## PROBLEM DETAILS
Output word for word the lines from the one with "Side view of" to the final line of the data, both ends included, but skip the pictures.

## DATA SHOWN
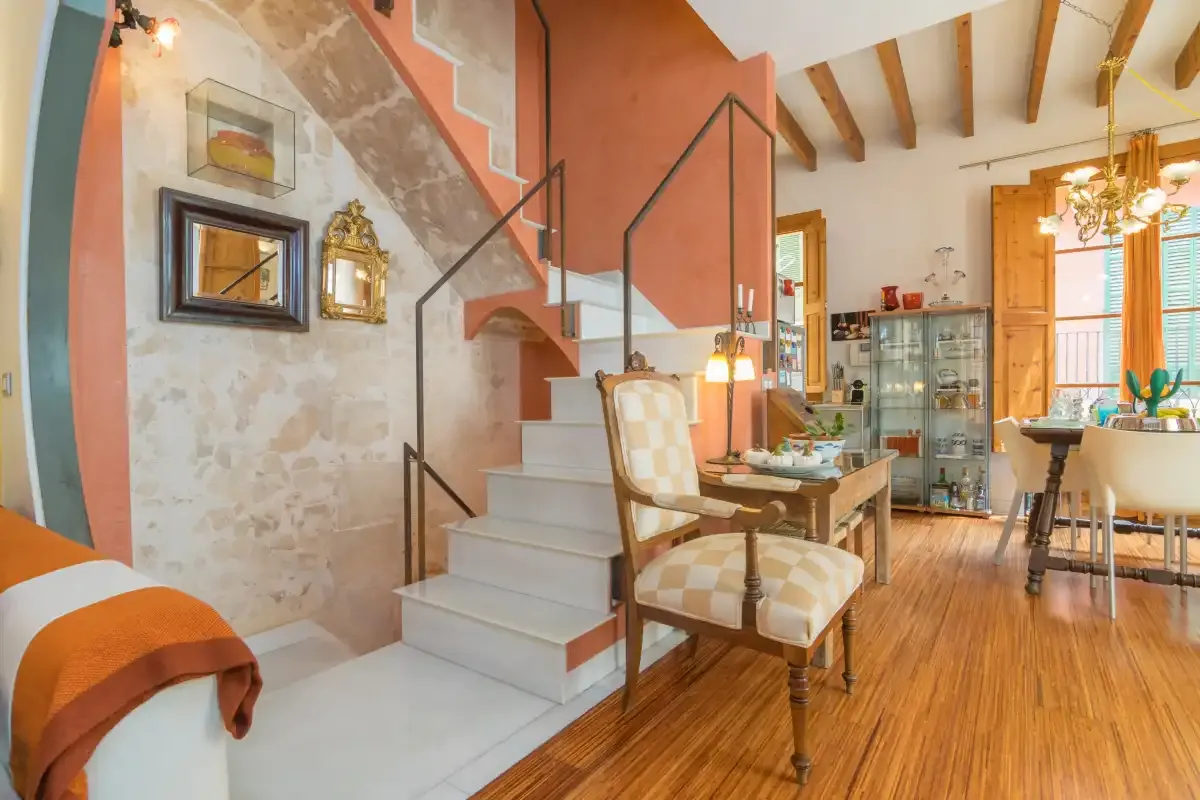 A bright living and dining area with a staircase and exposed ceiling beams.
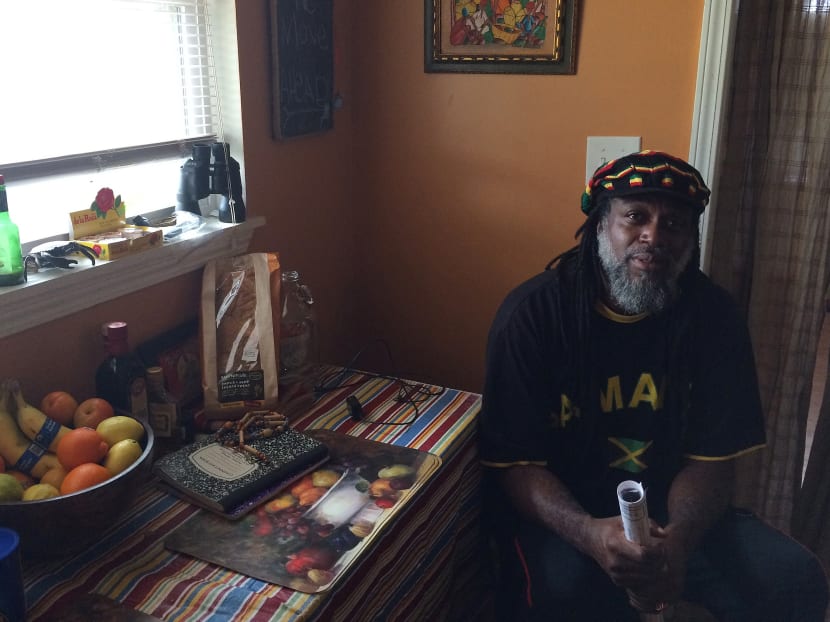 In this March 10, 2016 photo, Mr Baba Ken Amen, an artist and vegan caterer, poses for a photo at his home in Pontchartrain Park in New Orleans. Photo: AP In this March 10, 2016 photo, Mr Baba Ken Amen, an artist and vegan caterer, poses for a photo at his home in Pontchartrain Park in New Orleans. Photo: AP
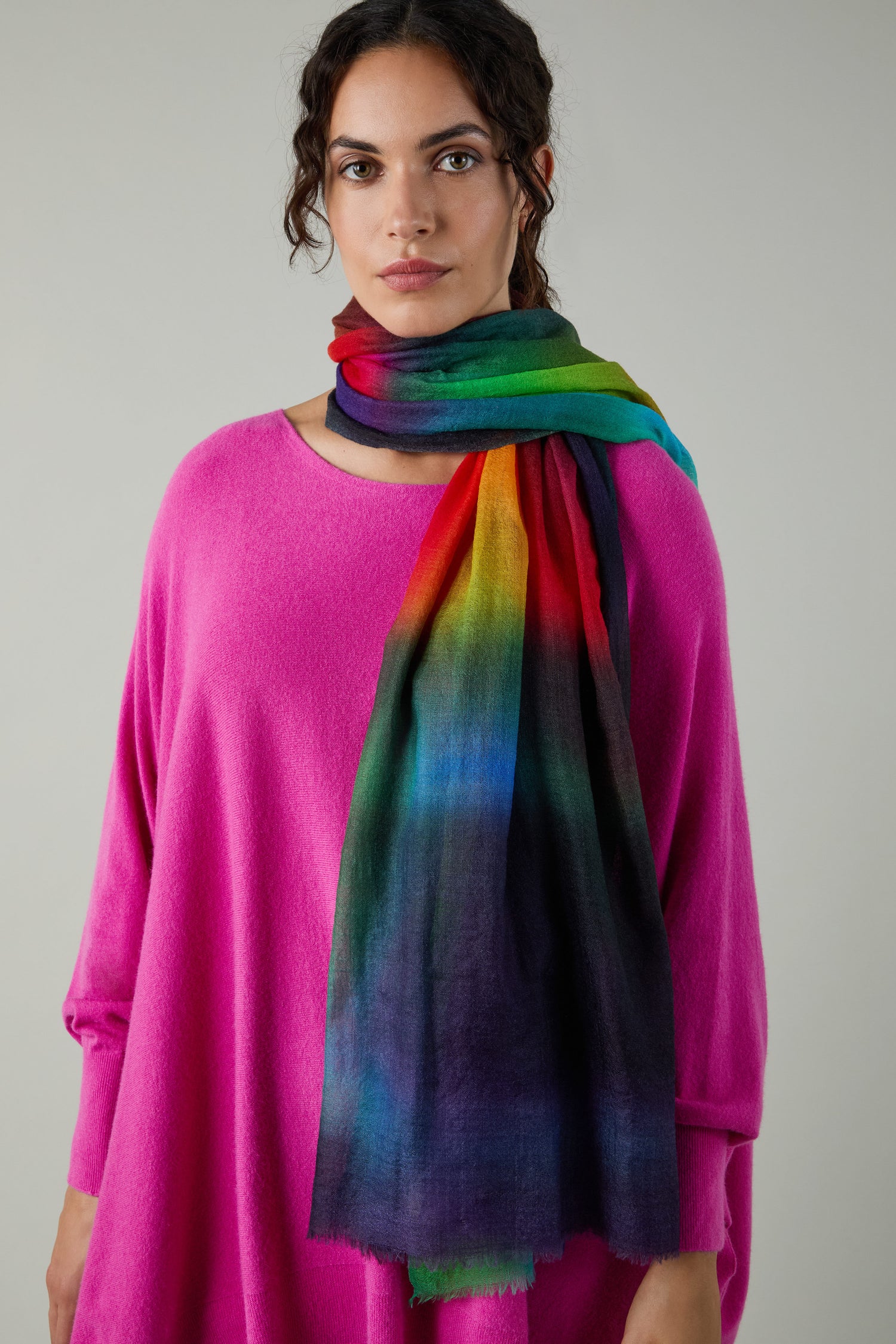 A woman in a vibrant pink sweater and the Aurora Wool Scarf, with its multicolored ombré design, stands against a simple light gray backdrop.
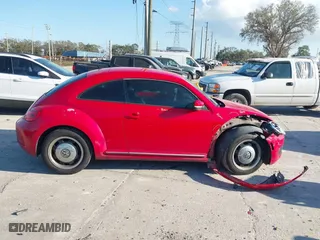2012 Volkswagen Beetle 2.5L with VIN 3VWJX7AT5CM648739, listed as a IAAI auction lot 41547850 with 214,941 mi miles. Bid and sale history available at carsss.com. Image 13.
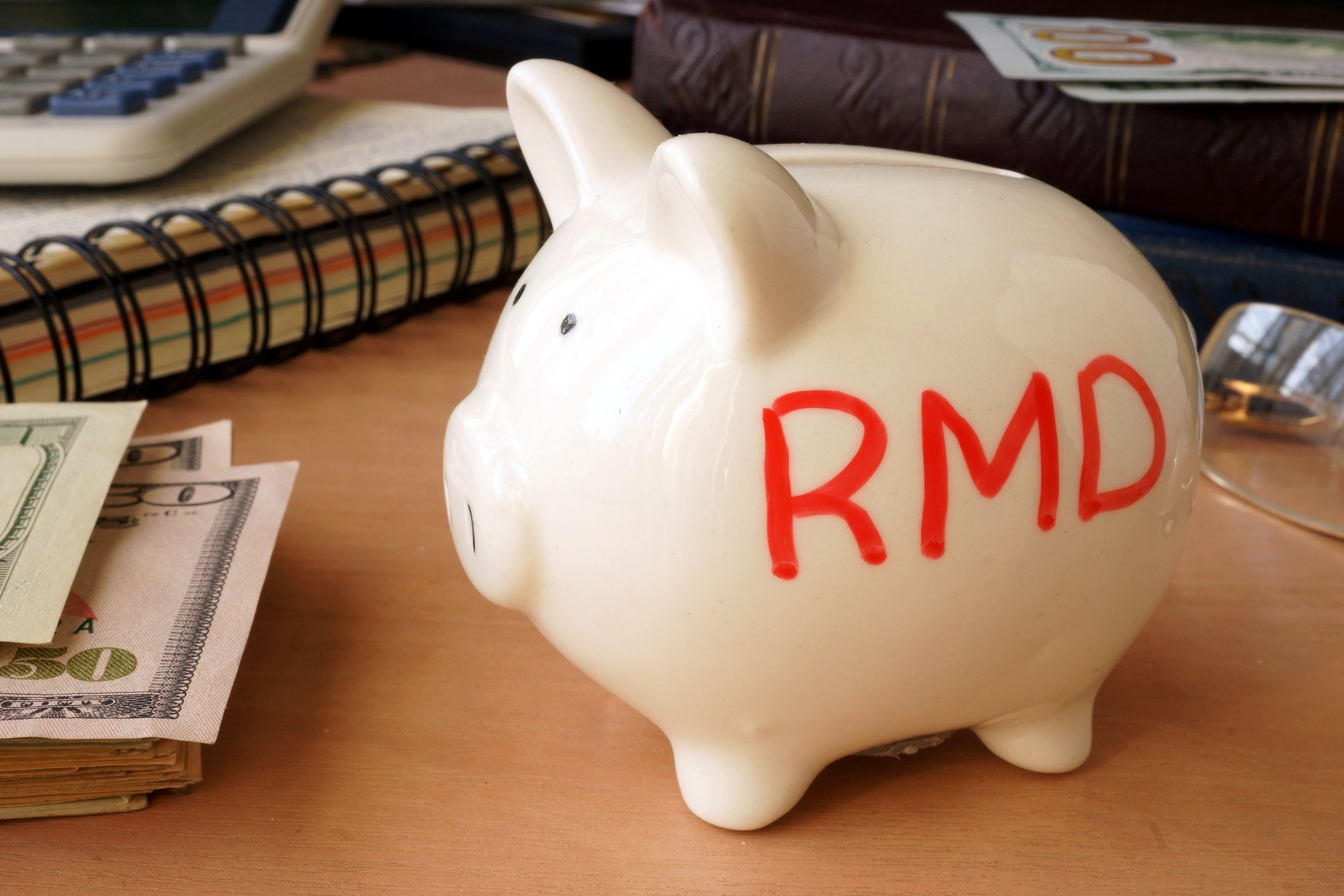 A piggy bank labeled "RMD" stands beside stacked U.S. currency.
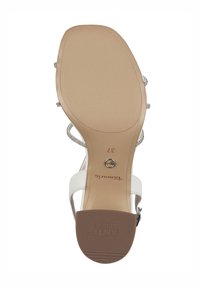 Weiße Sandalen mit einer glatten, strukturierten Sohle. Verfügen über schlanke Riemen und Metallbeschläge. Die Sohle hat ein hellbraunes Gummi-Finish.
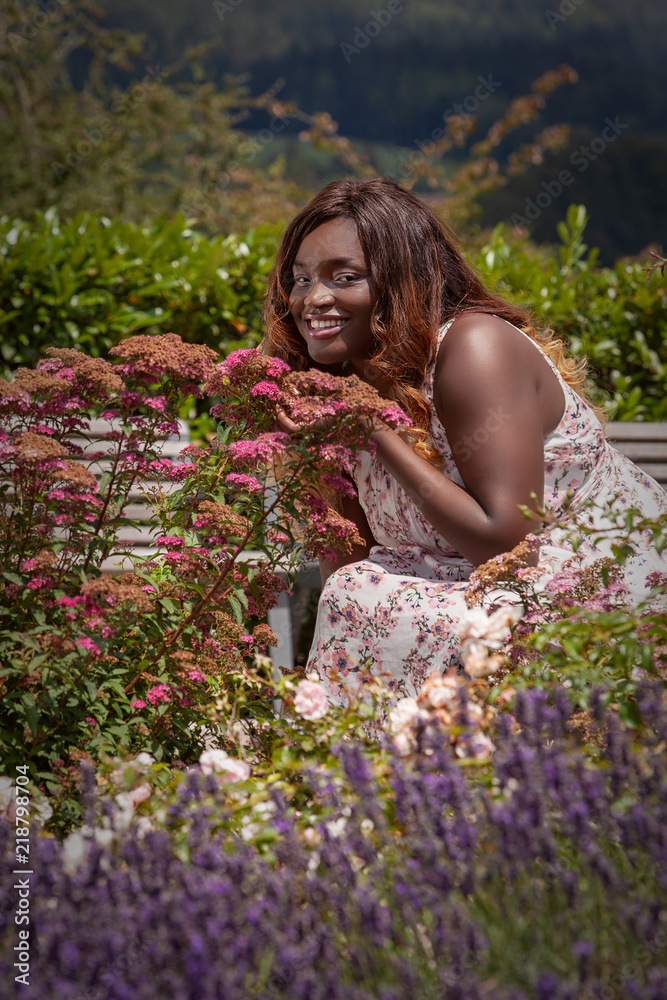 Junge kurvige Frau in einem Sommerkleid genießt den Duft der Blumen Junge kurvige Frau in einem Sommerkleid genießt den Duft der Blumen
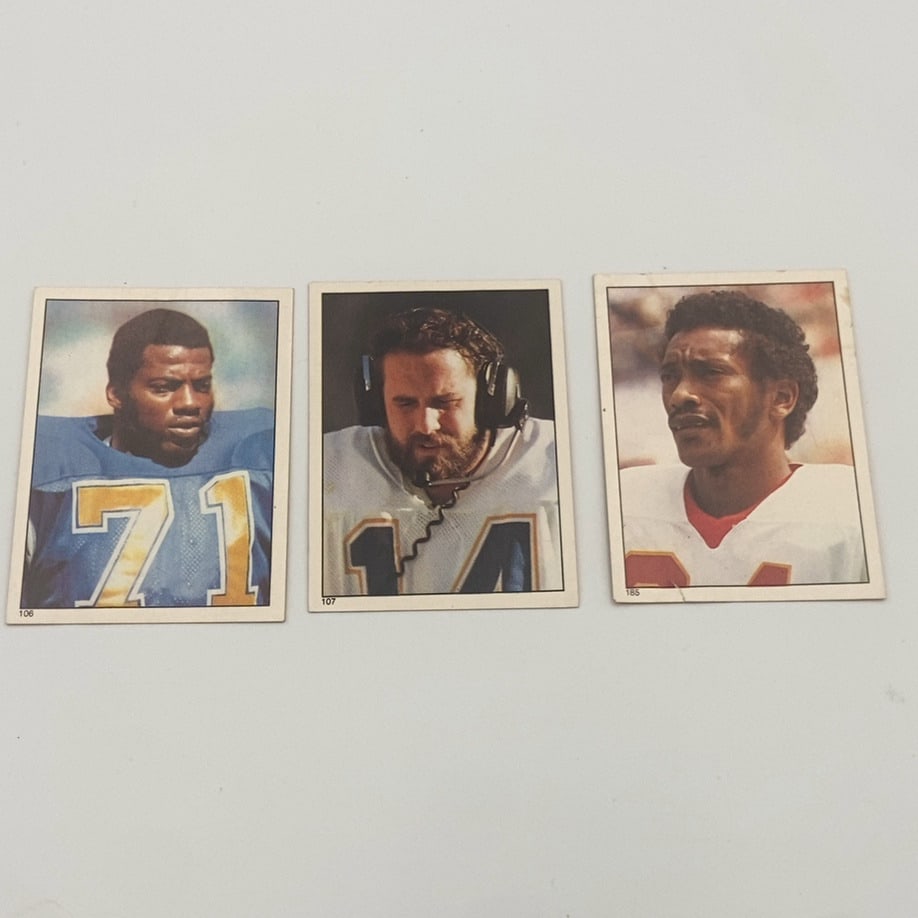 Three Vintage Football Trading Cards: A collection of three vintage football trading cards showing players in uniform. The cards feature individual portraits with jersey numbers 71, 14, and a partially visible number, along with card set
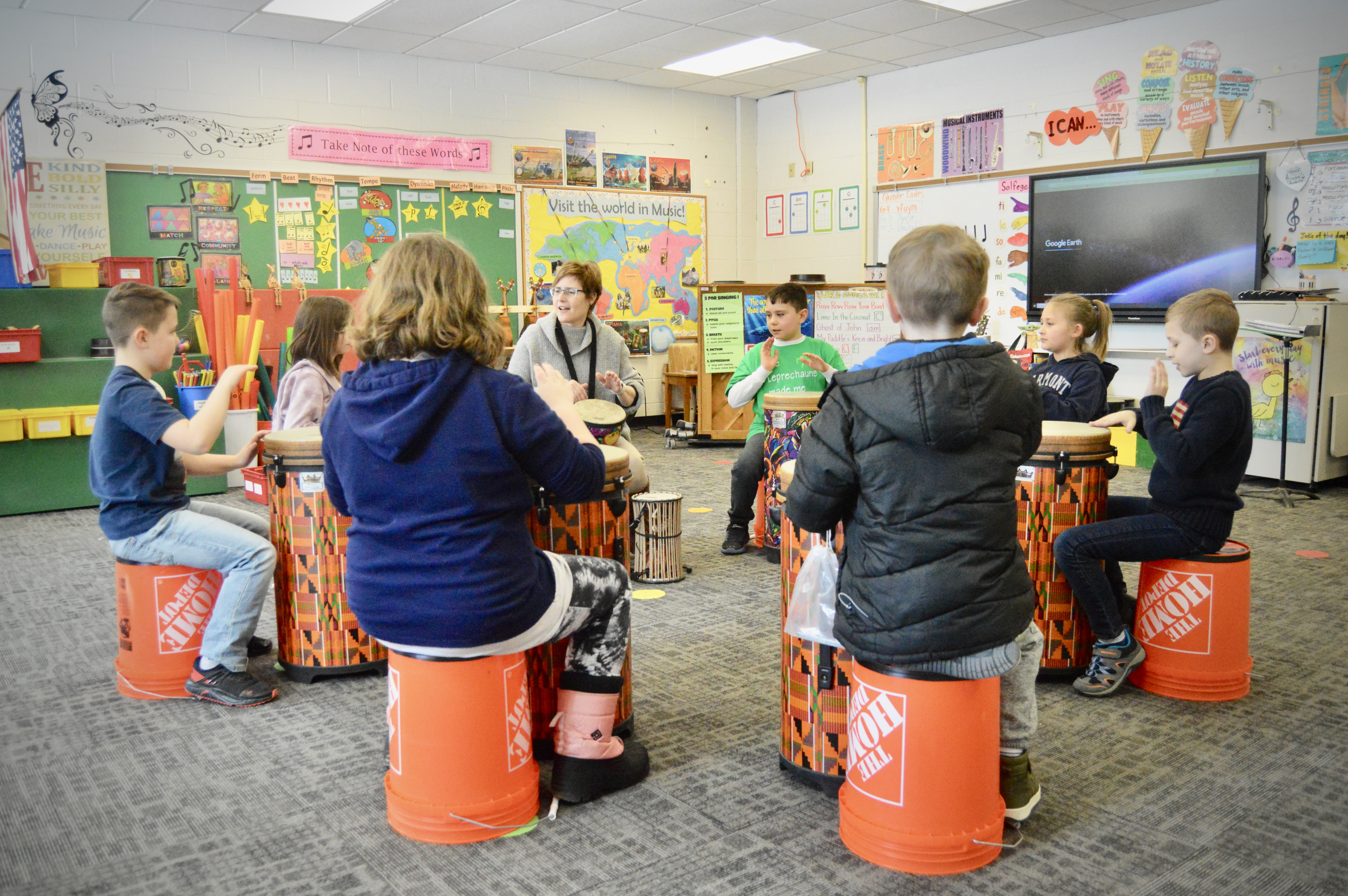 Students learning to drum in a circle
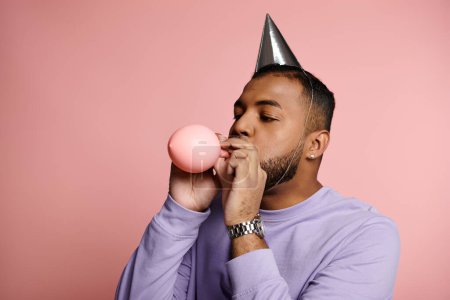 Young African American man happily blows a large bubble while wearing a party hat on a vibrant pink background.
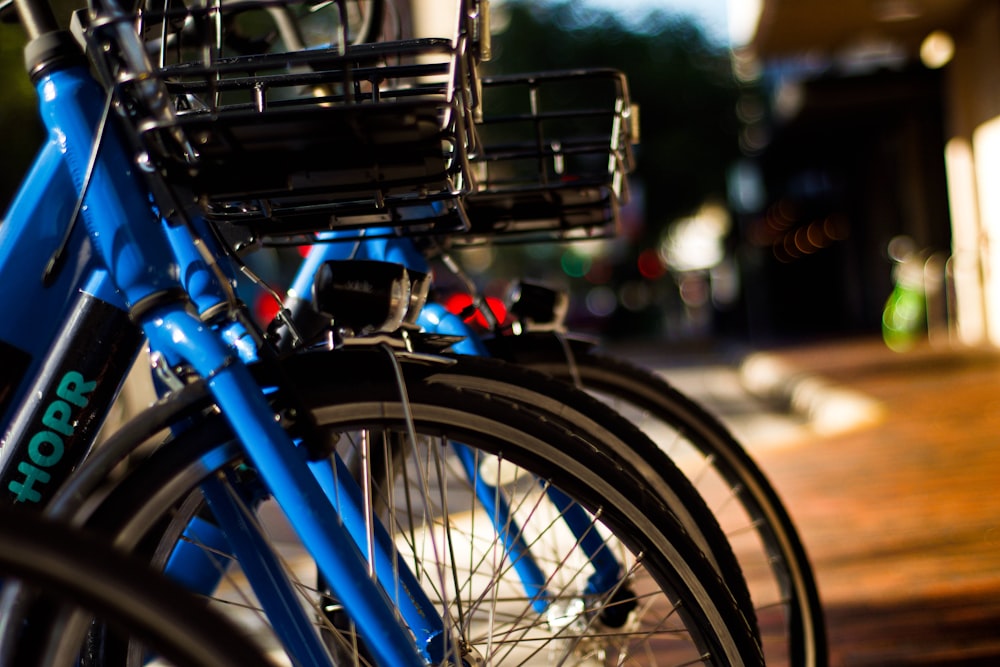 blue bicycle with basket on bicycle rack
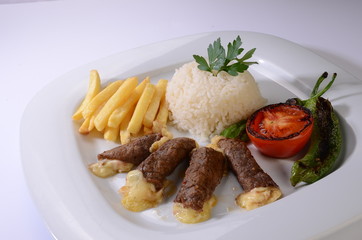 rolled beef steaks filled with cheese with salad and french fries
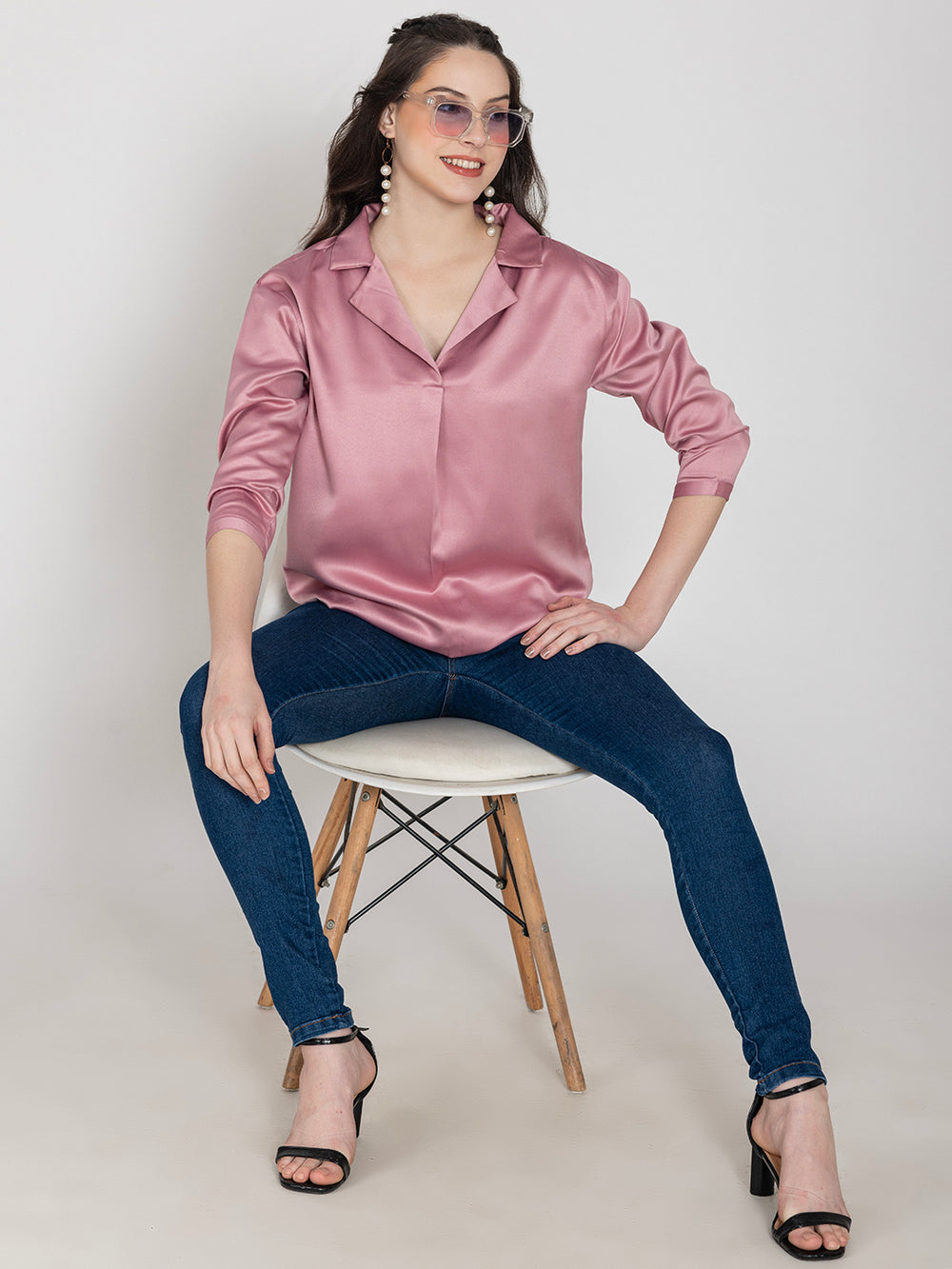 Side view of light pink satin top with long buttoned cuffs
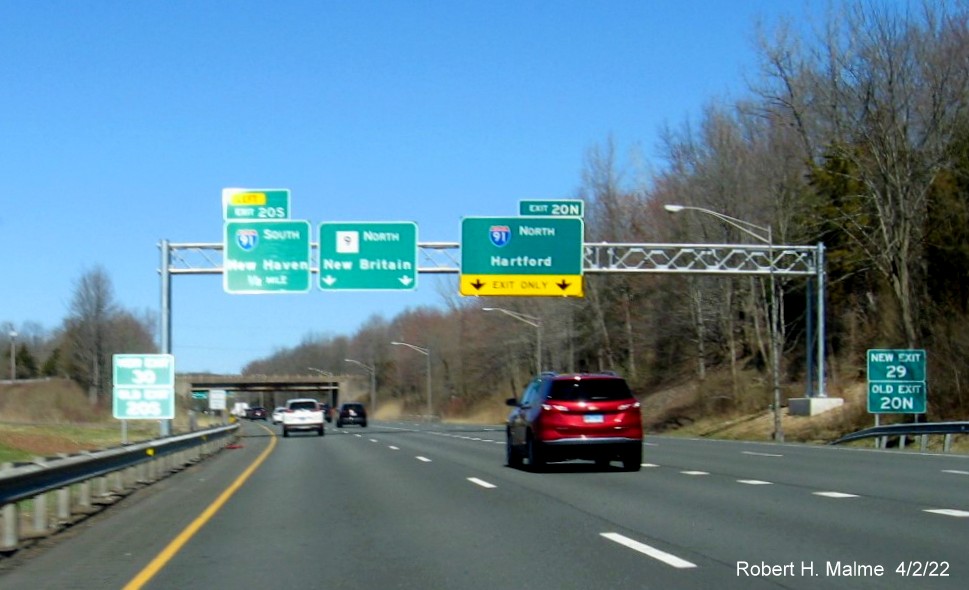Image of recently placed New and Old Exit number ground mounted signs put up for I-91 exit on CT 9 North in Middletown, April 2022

## SOLUTION TO THE PROBLEM
 Side view of light pink satin top with long buttoned cuffs
Image of recently placed New and Old Exit number ground mounted signs put up for I-91 exit on CT 9 North in Middletown, April 2022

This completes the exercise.